Try it
Using the listing below, copy exactly each line from the one that has "Sacerdote e Mestre" through the one that has "Continental Conti Motion"; omit the pictures.

The input
····················
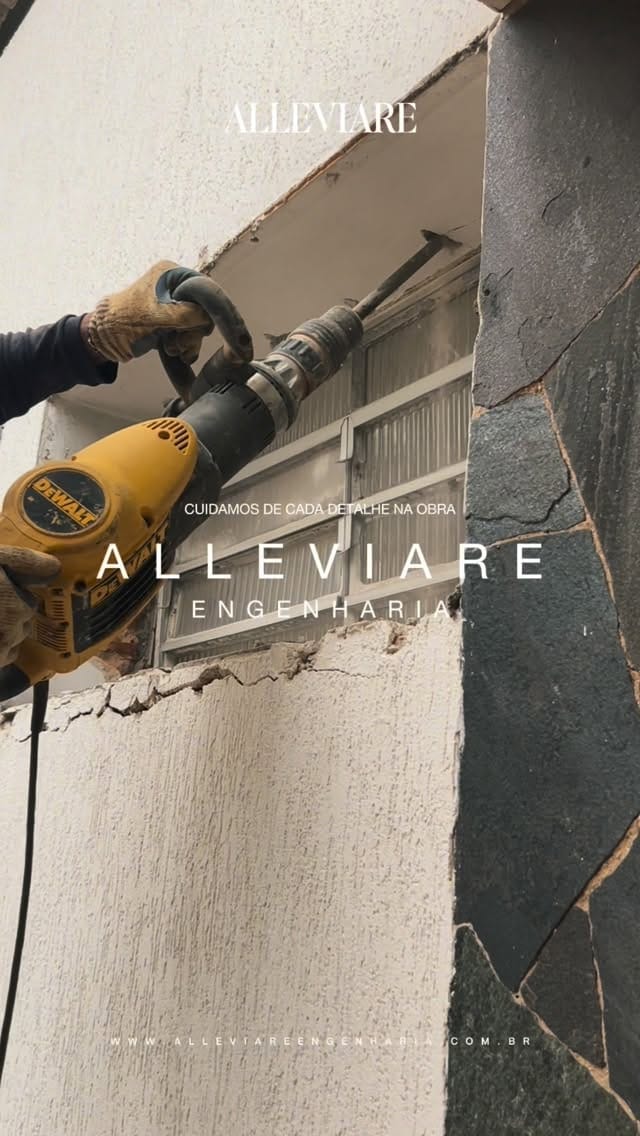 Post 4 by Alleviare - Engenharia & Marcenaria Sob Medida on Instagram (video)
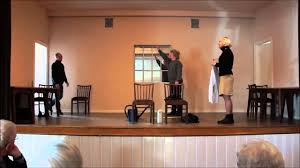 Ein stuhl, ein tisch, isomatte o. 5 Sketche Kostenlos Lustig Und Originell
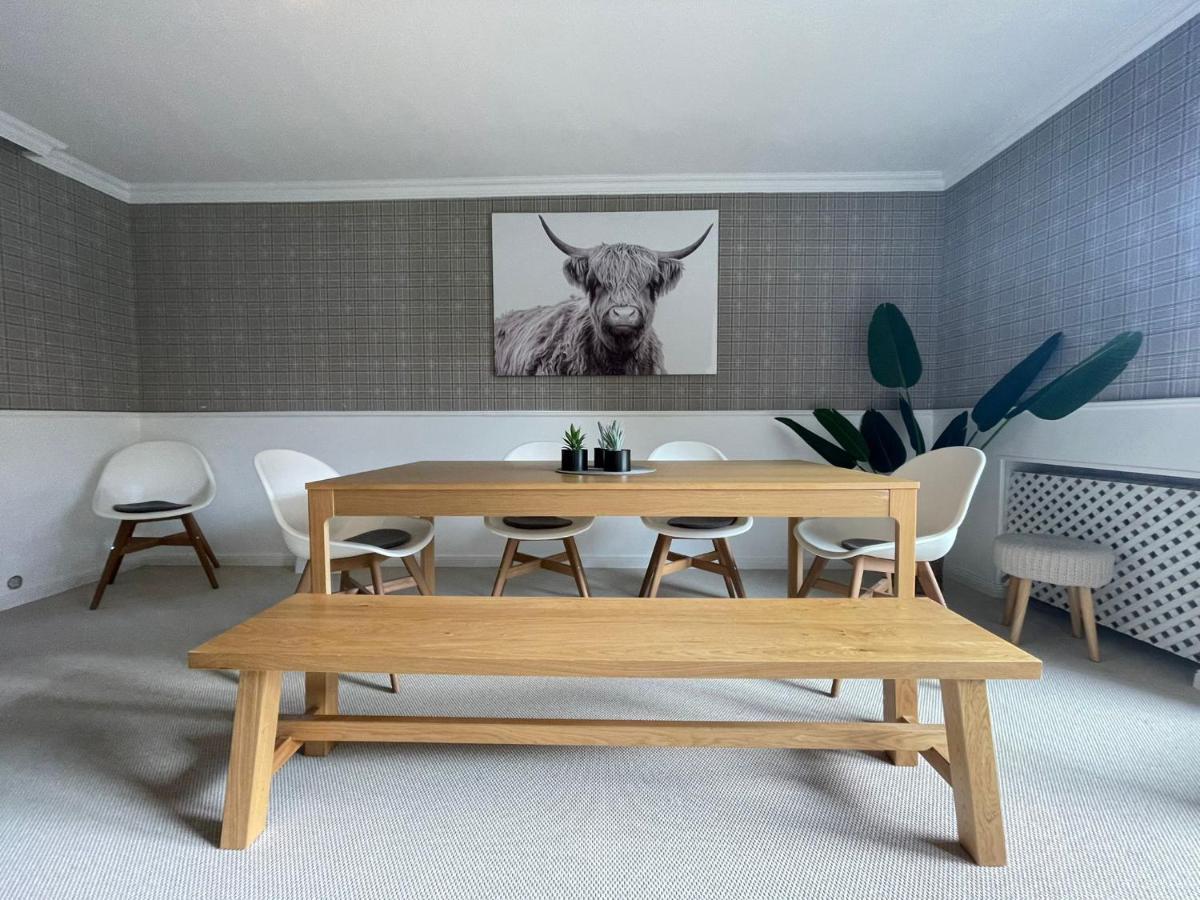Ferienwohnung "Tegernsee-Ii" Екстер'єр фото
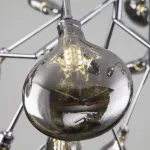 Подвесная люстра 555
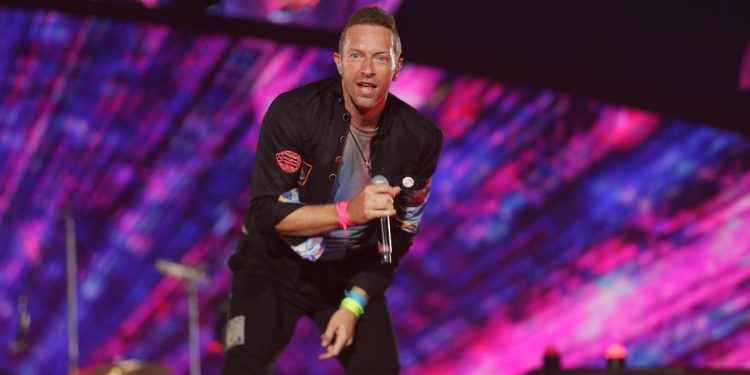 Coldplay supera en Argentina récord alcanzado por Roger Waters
····················
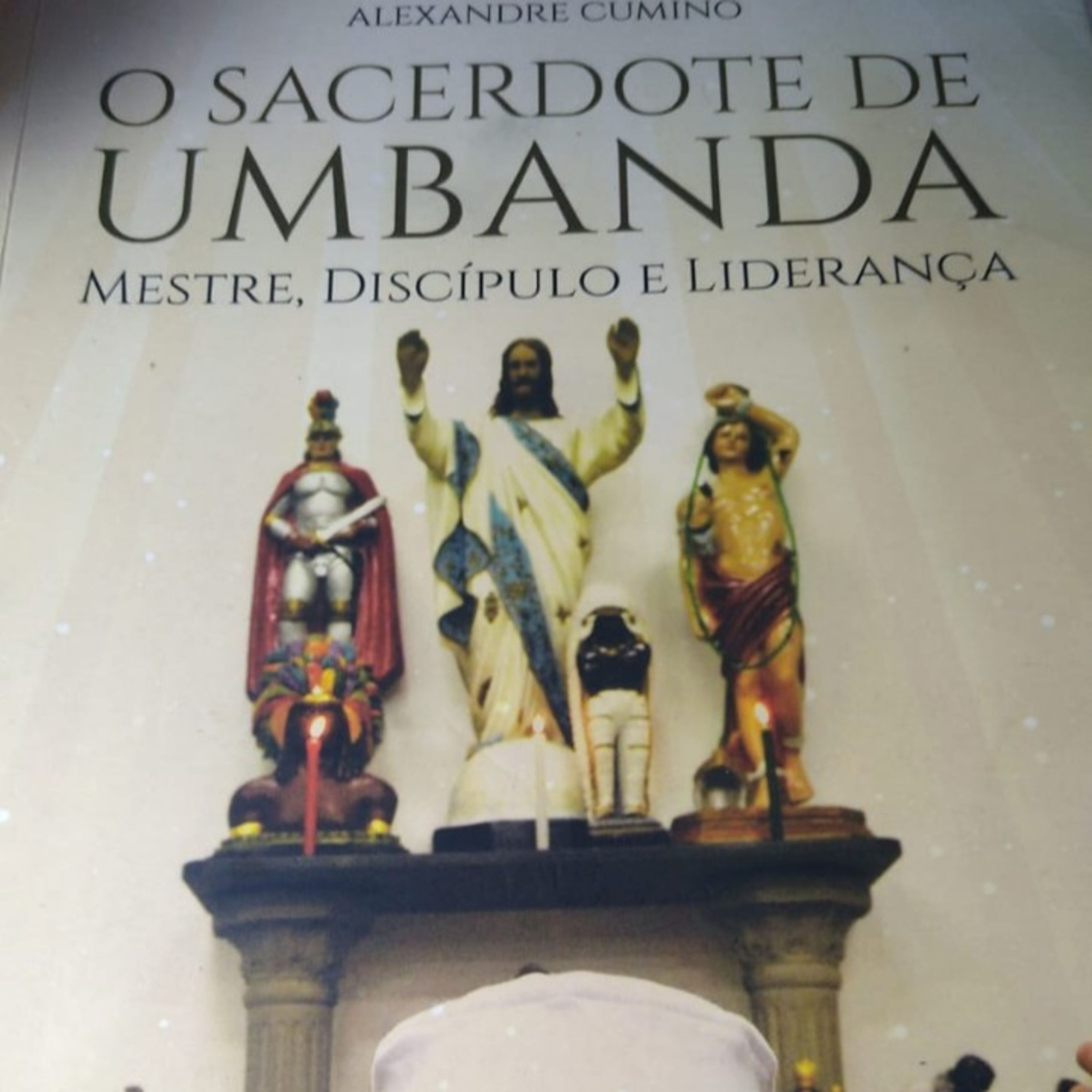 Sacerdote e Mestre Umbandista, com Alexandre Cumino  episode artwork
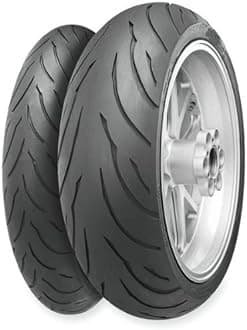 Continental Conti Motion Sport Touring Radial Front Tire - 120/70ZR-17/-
····················
Response to the task
 Sacerdote e Mestre Umbandista, com Alexandre Cumino  episode artwork
 Continental Conti Motion Sport Touring Radial Front Tire - 120/70ZR-17/-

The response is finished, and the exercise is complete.